Serangan gereja di Samarinda bukti kegagalan program deradikalisasi
Serangan gereja di Samarinda bukti kegagalan program deradikalisasi. Pelaku teror, Johanda merupakan residivis dalam kasus serupa. Dia merupakan jaringan Pepi yang beraksi di tahun 2011 melalui serangkaian teror bom buku. Pengamat Ridlwan menilai aksi Johanda bukti gagalnya program deradikalisasi.
Gereja Oikumene, Samarinda, Kalimantan Timur mendapat teror ledakam bom. Serangan ini dilakukan oleh seorang pria yang berprofesi sebagai penjual ikan bernama Johanda yang diketahui berasal dari Jawa Tengah.
Peneliti terorisme dari Universitas Indonesia (UI), Ridlwan Habib menilai serangan itu dipersiapkan secara cermat. "Targetnya sangat spesifik yaitu tempat ibadah (gereja), pelakunya orang yang lama tinggal di sekitar lokasi serangan," kata Ridlwan saat dihubungi merdeka.com, Minggu (13/11).
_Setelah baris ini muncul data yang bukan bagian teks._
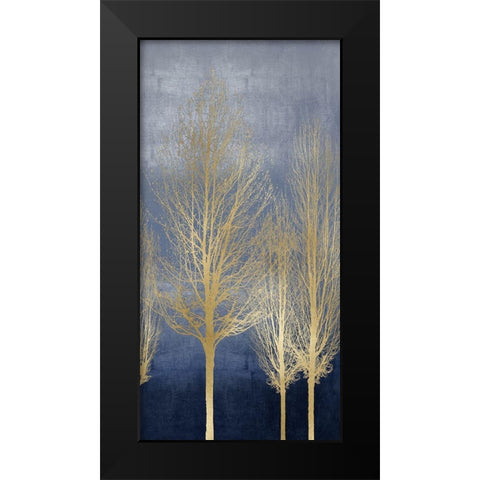 Gold Trees on Blue Panel II Black Modern Wood Framed Art Print by Bennett, Kate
Menurut Ridlwan, insiden yang menyebabkkan jatuhnya korban anak-anak yang sedang bermain di pelataran gereja ini diduga didalangi oleh jaringan teroris. "Pelaku tidak sendirian, dia dibantu oleh jaringannya. Ini direncanakan dan sudah dipersiapkan," ungkapnya.
Pelaku yang juga merupakan residivis kasus bom buku tahun 2011 ini adalah salah satu anggota kelompok Pepi Fernando. Pepi sendiri sekarang masih di lapas Nusakambangan.
"Pepi berbaiat setia pada Amman Abdurahman, sekarang Amman adalah pimpinan utama kelompok ISIS yang ada di dalam Nusakambangan," kata Ridlwan.
Pelaku, menurutnya, pernah ditangkap polisi di Pare Pare Sulawesi karena membawa bendera ISIS. "Sangat disayangkan kewaspadaan aparat lengah, padahal seharusnya diawasi terus," kata Ridlwan.
Menurut alumni S2 Kajian Stratejik Intelijen UI itu, tindakan Johanda ini menambah panjang jumlah kegagalan deradikalisasi. " Tidak ada institusi yang secara spesifik ditugasi untuk memonitor pergerakan residivis setelah bebas," katanya.
Dia menilai program deradikalisasi oleh BNPT masih berupa seremonial. "Seminar dan ceramah saja tidak bisa mengubah hati dan pikiran residivis kembali ke jalan yang benar," kata Ridlwan.
Idealnya, ada pendampingan orang per orang bagi residivis teroris. Namun hal itu membutuhkan banyak biaya dan menyita energi. "Saya kira sudah saatnya diatur dengan tegas," sarannya.